Class Action for Illegal Kickbacks by Sham Mortgage Company in violation of RESPA §8 Fails

Plaintiffs in Minter v. Wells Fargo Bank N.A. (2014 WL 3827671) brought a class action suit against the bank and an associated real estate company (collectively, “defendants”) for various violations of RESPA Section 8 (12 U.S.C. §2607).  The Plaintiffs alleged the Defendants created a sham Mortgage Company, Prosperity Mortgage Co., as a joint venture to avoid the prohibition on illegal kickbacks. Plaintiffs asserted violations for RESPA §§(8)(a), 8(c), and 8(c)(4); that Prosperity was created for illegal kickbacks between the defendants, Prosperity was not a bona fide settlement provider, and that the Defendants were required to disclose the business arrangement.  The district court only certified a class of timely brought §8(c) and §8(c)(4) claims. During pretrial, the Plaintiffs moved to exclude any evidence or argument of no economic injury.  The district court granted the request, but allowed the defense counsel to ask questions regarding background information distinct from lack of economic harm.

At trial, defense counsel asked questions regarding lack of economic harm, remarked that no dispute existed as to referrals between the Defendants, and commented on opposing counsel’s pecuniary interest.  The jury verdict rejected all of the Plaintiffs’ claims.  The Plaintiffs then moved for a new trial under Fed.

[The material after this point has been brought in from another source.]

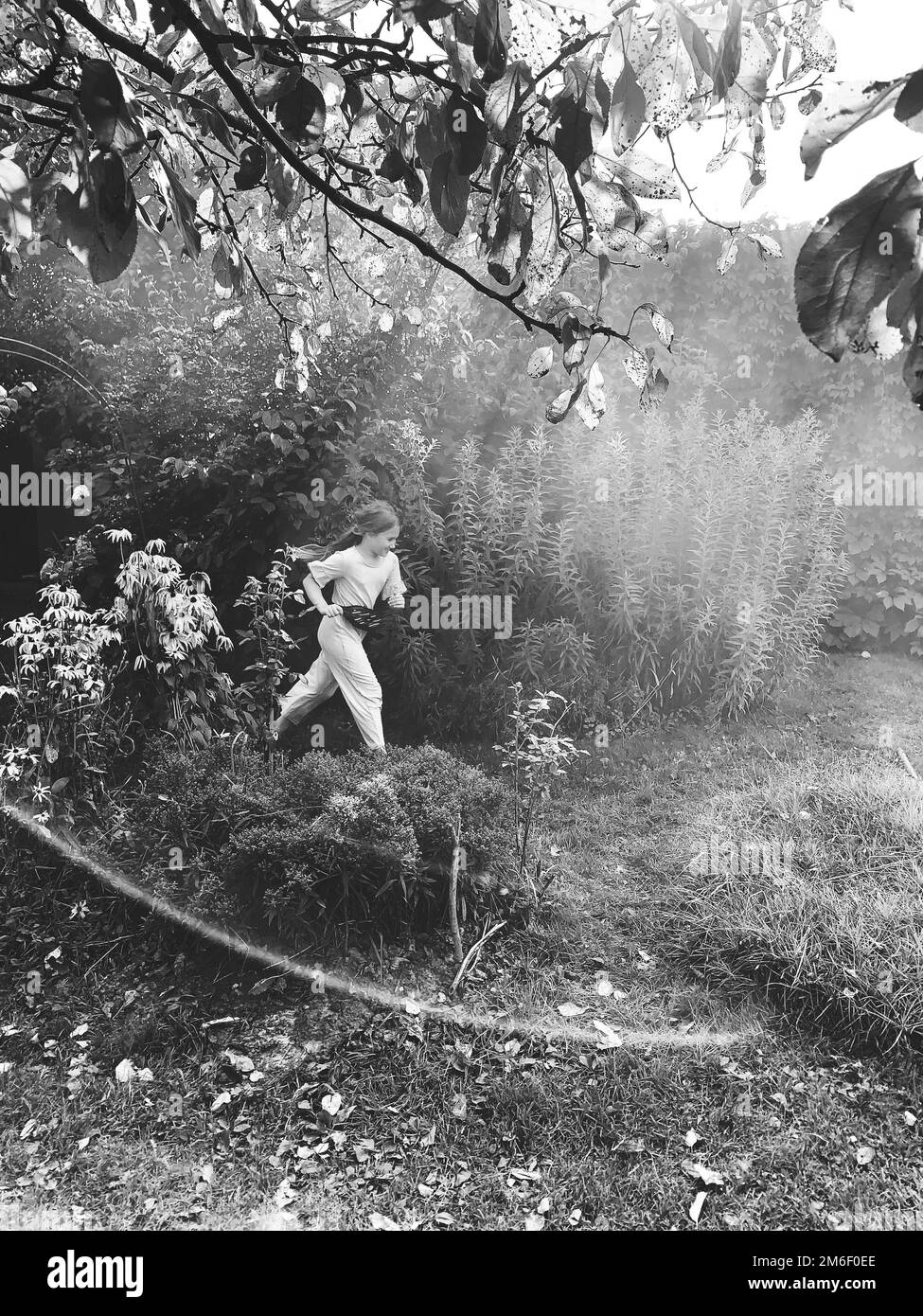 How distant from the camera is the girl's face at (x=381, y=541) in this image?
209 centimetres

R. Civ. P. 59(a) and appealed its denial.  The appeal challenged the Rule 59(a) denial, admitting testimony of improper evidence, and refusing to strike or instruct the jury to disregard the pecuniary interest statement.

The motion for a new trial under Rule 59(a) actually sought the adjudication of the excluded §8(a) claim. However, §8(a) required proof of referrals, an issue the jury verdict denied under the §8(c) and §8(c)(4) claims.  The appeal argued, under Rule 59(a), either a judicial admission from the defense counsel removed the issue from the jury or the clear weight of the evidence contradicted the verdict.  The Court rejected the admission claim because the Plaintiffs failed to address it at trial.  The Plaintiffs’ second argument also failed. Because the Plaintiffs did not move for judgment as a matter of law prior to the Rule 59(a) motion, the scope of review was limited to no evidence supporting the verdict. Witness testimony supported the verdict and the Fourth Circuit affirmed the ruling.

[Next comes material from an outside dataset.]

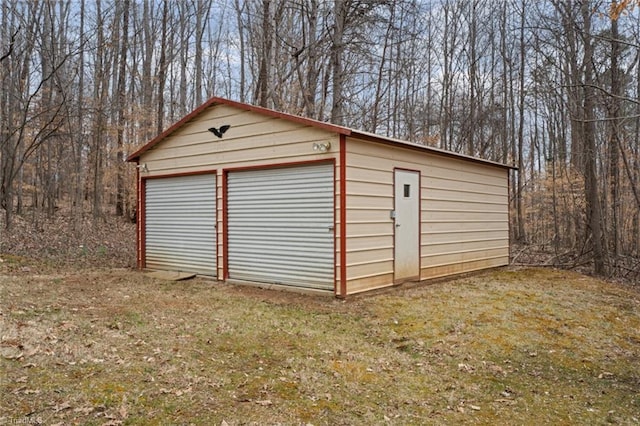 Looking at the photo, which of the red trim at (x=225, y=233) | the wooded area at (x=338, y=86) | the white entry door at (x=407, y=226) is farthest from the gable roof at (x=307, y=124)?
the wooded area at (x=338, y=86)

The Court also rejected the remaining claims. The questioning regarding lack of economic harm was relevant in determining the allegations and any potential prejudice was mitigated through a jury instruction. Finally, the Court rejected the failure to strike or instruct to disregard claim; although improper, the isolated nature of the statement made it unlikely to influence the jury in reaching its verdict.

The Fourth Circuit affirmed the judgment.